Today, we announced that Tetra Data Platform (TDP) has achieved Service Organizational Control Level 2 (SOC 2) Type 2 Security validation. SOC 2 Type 2 is a widely-accepted standard developed by the American Institute of Certified Public Accountants (AICPA) — a top-down best practices compendium for building and operating secure services (e.g., cloud-resident, mission-critical applications like TDP). Alignment with the standard is attested to in a report, produced by an independent auditor after months of preparation and active evaluation, and the process will be repeated annually, going forward, to guarantee continuous adherence.
SOC 2 Type 2 comprehends details of product architecture pertaining to security, plus software development and operations processes and practices. In other words, it looks at everything: from how TDP encrypts data, controls access, maintains logs and backups, and implements global secure architectural models like "the principle of least privilege" (among many other details) to how TetraScience as an organization manages the details of continually building, releasing, extending, and operating instances of TDP in the field. How we hire, train, and privilege software developers, operations people, managers, and officers. How we implement version control, scan product components for vulnerabilities, evaluate and confront security threats. How we plan and prepare to mitigate incidents, should these occur, and collaborate with customers, transparently, to help assure their own security and compliance.
The SOC way of looking at services aligns very well with how we, at TetraScience, visualize, discuss, and implement our mission, day to day, quarter over quarter. TDP is a cloud-native platform that marshalls a host of public cloud services, and its architecture (and TetraScience's operations practices and strategy, more broadly) shares responsibility with public cloud providers and our customers for controlling risk: making this safe, functional, and efficient.
Customers, meanwhile, are using TDP as far more than a "point solution." They're using our platform to create and scale an organization-wide nervous system for harmonized R&D data -- the necessary precondition for improving efficiency and accelerating discovery today, and potentially across the event horizon to enable the "Lab of the Future," tomorrow. That means we need to hold up our end of a long-term bargain to provide broad technical and organizational support for our customers' own compliance efforts, around GxP and attendant standards like 21 CFR part 11 / Annex 11.
Achieving SOC 2 Type 2 validation is therefore just part of an ongoing process.
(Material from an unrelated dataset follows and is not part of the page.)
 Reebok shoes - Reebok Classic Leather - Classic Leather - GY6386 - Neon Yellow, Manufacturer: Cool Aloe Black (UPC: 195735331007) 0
Our Compliance Team and Executive Staff have committed to aligning and certifying with a host of relevant standards, including:
- Maintaining SOC2 Type 2 alignment
- Pursuing ISO 9001 quality certification
- Assuring data privacy and GDPR compliance
- Obtaining ISO 27001 Information Security Framework certification
We're following a planned arc here, and are making relatively massive investments to see these processes through, expeditiously and sustainably. Compliance (and, more broadly, organizational discipline) isn't a "once and done" thing. As Patrick, Spin, and other TetraScience leadership continually emphasize, the only way forward is to make a long-view, dynamic, organizational commitment to quality and transparency: where product(s), cloud substrates, business, culture, and ecosystem all get continuous attention, and evolve as one, inseparably.
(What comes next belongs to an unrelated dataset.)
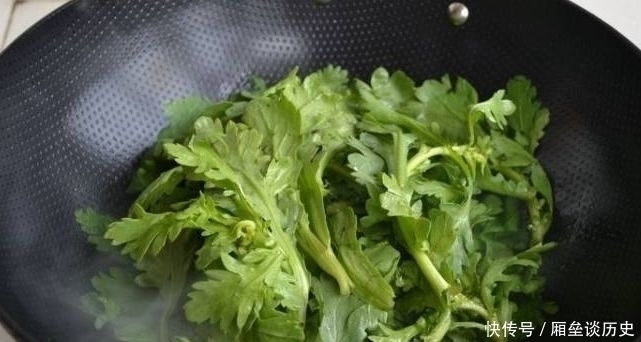 失眠就怕这菜,每天吃一盘,安神无梦,睡到自然醒,黑眼圈消失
TetraScience recently released its GxP Whitepaper, detailing product design considerations, security principles, and quality management controls set up to support TDP users' compliance efforts. Our Compliance Team stands ready to support customer GxP validation needs with a range of artifacts, documentation, training, and engineering/operations services for Installation and Operational Qualification, providing an inspection-ready solution in the cloud.